By    |   Thursday, 19 April 2018 09:07 PM EDT ET

North Korea's cyber army has become a sophisticated and dangerous hacking machine — and "the whole world needs to take notice," The Wall Street Journal reported Thursday.

According to the Journal, the rogue nation's fingerprints have shown up in an increasing number of cyberattacks, the skill level of its hackers has vastly improved and their targets are more worrisome.

"The whole world needs to take notice," John Hultquist, director of intelligence analysis at cybersecurity firm FireEye Inc., told the Journal.

The firm now ranks North Korea among the world's mature hacking operations, the Journal reported — noting that as recently as March, suspected North Korean hackers appear to have infiltrated Turkish banks and invaded computer systems in the run-up to the Winter Olympics.

Experts tell the Journal that North Korea has been showing surprising levels of originality in its coding and techniques — and a willingness to go after targets such as central banks and point-of-sale systems.

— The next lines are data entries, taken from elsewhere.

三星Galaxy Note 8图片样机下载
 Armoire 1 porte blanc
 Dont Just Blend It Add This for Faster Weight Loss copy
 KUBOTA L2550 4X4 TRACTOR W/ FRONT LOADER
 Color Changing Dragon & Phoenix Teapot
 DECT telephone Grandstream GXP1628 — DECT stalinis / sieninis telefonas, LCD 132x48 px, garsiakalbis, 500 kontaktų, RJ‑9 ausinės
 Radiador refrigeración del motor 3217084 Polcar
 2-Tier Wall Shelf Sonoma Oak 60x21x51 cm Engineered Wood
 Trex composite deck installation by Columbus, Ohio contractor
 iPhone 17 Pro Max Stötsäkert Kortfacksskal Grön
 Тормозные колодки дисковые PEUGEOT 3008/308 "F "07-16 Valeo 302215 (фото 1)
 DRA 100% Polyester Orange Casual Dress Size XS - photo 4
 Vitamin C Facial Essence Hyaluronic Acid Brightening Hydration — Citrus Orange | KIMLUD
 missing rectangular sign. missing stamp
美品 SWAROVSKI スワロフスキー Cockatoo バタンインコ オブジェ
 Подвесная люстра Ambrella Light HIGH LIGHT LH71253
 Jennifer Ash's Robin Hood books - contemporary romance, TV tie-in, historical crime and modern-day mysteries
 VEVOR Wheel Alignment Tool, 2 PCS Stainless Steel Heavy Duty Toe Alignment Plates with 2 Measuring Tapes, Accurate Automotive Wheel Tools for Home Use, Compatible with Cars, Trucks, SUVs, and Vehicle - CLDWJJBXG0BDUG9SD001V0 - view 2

The rogue regime is also cultivating elite hackers much like other countries train Olympic athletes, defectors and South Korean experts tell the Journal — identifying students as young as 11 to train as hackers and to learn how to develop computer viruses.

"Once you have been selected to get into the cyber unit, you receive a title that makes you a special citizen, and you don't have to worry about food and the basic necessities," a source told the Journal.

The source, who studied software programming and hacking for six years at North Korea's top technical university before defecting to South Korea three years ago, said recruits get nice apartments and are exempted from military duty.

But the cyber army recruits also undergo intense preparation for annual "hackathon" competitions in Pyongyang, in which teams of students holed up learning to solve puzzles and hacking problems under severe time pressure.

"For six months, day and night, we prepared only for this contest," the source said. "It was everyone's dream to be a part of it."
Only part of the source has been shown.